Si è quindi “senza fretta”: ci si sente in
armonia, non c’è nessuna necessità di correre, di cercare, di dibattersi nel
tentativo di fuga da una certa situazione subita come inopportuna, negativa,
erronea. Eppure c’è ancora una direzione: la non ancora abbandonata presenza
della mente fa qui capolino. Il toro è infatti “diretto a casa”. Finché ci sarà
la separazione tra il toro che cammina verso casa e la casa stessa, saremo
ancora nel dualismo. Anzi, la stessa consapevolezza di un toro e di una casa è
dualistica. Il mandriano, seppur già estraneo alla strettoia della
concentrazione “sulle cose di questo mondo”, nonostante l’abbandono da parte sua
del pensiero opprimente di possibili nuovi errori, di ricadute future più o meno
imminenti, è ancora sulla via del ritorno. Segue il suo percorso, ritiene la
pratica una disciplina che lo allontani da un certo stato mentale per condurlo a
casa. Suona la sua canzone, ma quando non ci sarà più il suonatore e il flauto
suonato, cosa resterà?
Qui il mandriano non saprebbe dire una sola
parola.
Un'ultima cosa. La canzone è agreste: è il classico approccio zen alla natura.

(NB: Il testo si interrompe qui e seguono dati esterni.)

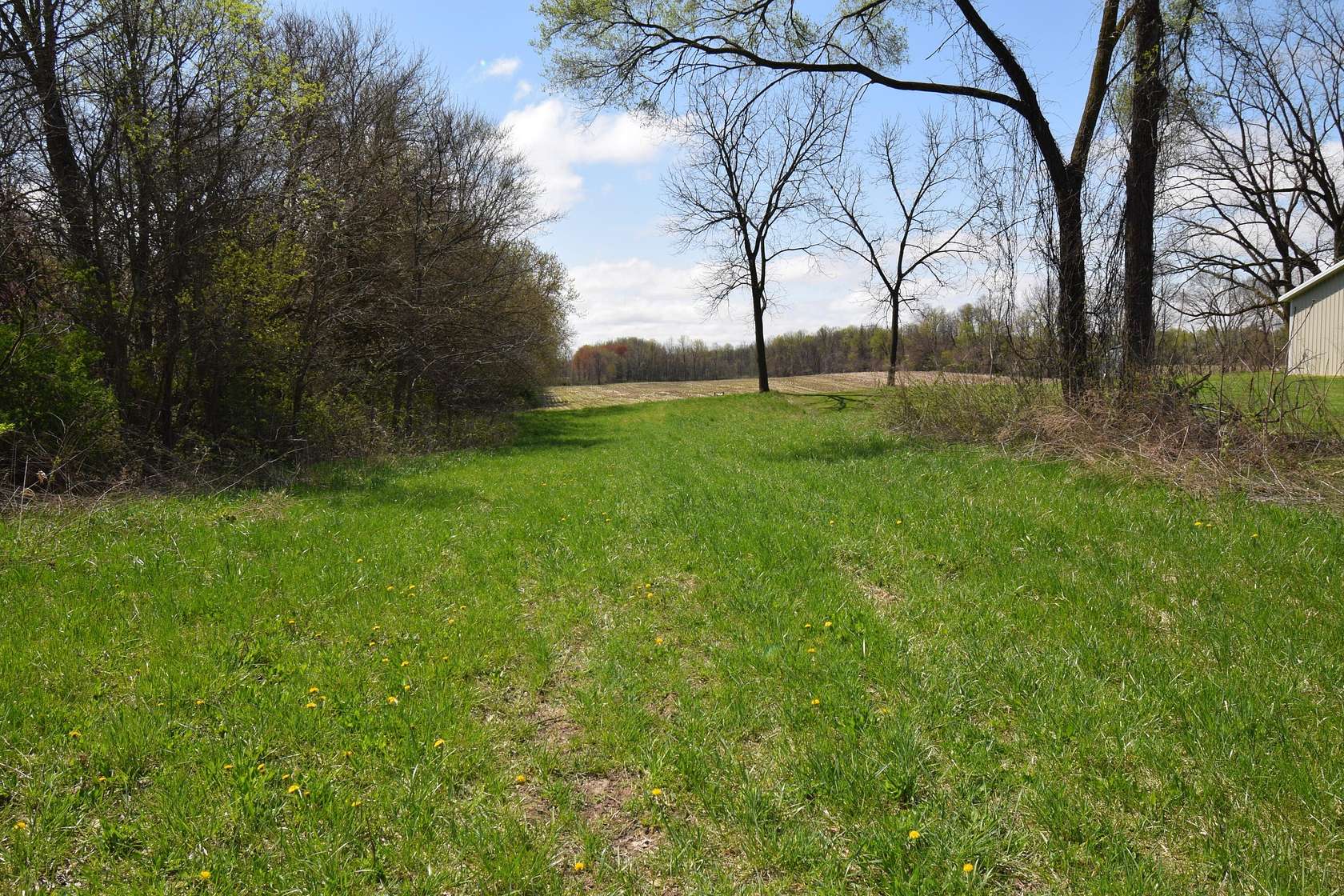29 Acres of Land for Sale in Lawrence, Michigan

L'uomo con mente naturale è inserito armoniosamente nella natura, tra gli enti
di questo universo, non vivendoli più come ostacolo alla propria vita. Eppure
Kakuan ci dice anche che il mandriano non si concentra più sulle cose di questo
mondo. Il motivo è molto semplice, non si tratta di una contraddizione. Il fatto
è che solo passando dalla brama (che ci incatena alle cose) alla libera e
liberante fruizione della piena realtà, si può vivere naturalmente, con
mente aperta allo splendore delle cose, della loro realtà e della loro
mutevolezza. Non più contratti, concentrati, ma consapevoli, sciolti; non più
coattamente proiettati "sulle" cose di questo mondo, ma "tra" di esse, con
atteggiamento libero e vuoto, pacificato e partecipante.